— Goal of the exercise —
Give back the lines of the records exactly, starting at the first and ending at the one with "Samsung A o 5 S 4/128 1".

— Web page caption snippets —
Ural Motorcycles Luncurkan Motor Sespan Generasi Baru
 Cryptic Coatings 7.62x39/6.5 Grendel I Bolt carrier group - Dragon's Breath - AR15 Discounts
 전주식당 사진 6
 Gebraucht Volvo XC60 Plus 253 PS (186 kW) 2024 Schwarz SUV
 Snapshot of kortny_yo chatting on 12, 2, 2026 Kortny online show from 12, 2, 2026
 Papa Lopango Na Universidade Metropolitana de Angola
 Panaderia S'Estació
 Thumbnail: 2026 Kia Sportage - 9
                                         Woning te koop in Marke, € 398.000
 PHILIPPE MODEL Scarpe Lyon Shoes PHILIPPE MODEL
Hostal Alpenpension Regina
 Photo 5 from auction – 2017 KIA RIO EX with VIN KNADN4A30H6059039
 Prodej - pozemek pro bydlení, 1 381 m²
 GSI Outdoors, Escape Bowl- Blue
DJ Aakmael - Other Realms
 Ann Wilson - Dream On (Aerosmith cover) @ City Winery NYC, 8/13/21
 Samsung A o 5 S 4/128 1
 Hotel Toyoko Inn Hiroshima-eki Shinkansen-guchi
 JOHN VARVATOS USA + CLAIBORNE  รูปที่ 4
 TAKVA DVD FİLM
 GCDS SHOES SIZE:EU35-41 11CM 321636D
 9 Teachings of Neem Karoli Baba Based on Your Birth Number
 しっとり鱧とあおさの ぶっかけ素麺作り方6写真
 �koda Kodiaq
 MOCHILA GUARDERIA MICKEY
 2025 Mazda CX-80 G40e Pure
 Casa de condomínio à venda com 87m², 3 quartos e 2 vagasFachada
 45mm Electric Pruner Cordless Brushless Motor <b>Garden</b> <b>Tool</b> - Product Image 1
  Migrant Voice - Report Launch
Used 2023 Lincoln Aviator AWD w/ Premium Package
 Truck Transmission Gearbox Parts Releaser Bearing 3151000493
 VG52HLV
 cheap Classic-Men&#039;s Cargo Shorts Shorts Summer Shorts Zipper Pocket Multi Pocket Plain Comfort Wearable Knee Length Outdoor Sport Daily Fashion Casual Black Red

— Response for this exercise —
Ural Motorcycles Luncurkan Motor Sespan Generasi Baru
 Cryptic Coatings 7.62x39/6.5 Grendel I Bolt carrier group - Dragon's Breath - AR15 Discounts
 전주식당 사진 6
 Gebraucht Volvo XC60 Plus 253 PS (186 kW) 2024 Schwarz SUV
 Snapshot of kortny_yo chatting on 12, 2, 2026 Kortny online show from 12, 2, 2026
 Papa Lopango Na Universidade Metropolitana de Angola
 Panaderia S'Estació
 Thumbnail: 2026 Kia Sportage - 9
                                         Woning te koop in Marke, € 398.000
 PHILIPPE MODEL Scarpe Lyon Shoes PHILIPPE MODEL
Hostal Alpenpension Regina
 Photo 5 from auction – 2017 KIA RIO EX with VIN KNADN4A30H6059039
 Prodej - pozemek pro bydlení, 1 381 m²
 GSI Outdoors, Escape Bowl- Blue
DJ Aakmael - Other Realms
 Ann Wilson - Dream On (Aerosmith cover) @ City Winery NYC, 8/13/21
 Samsung A o 5 S 4/128 1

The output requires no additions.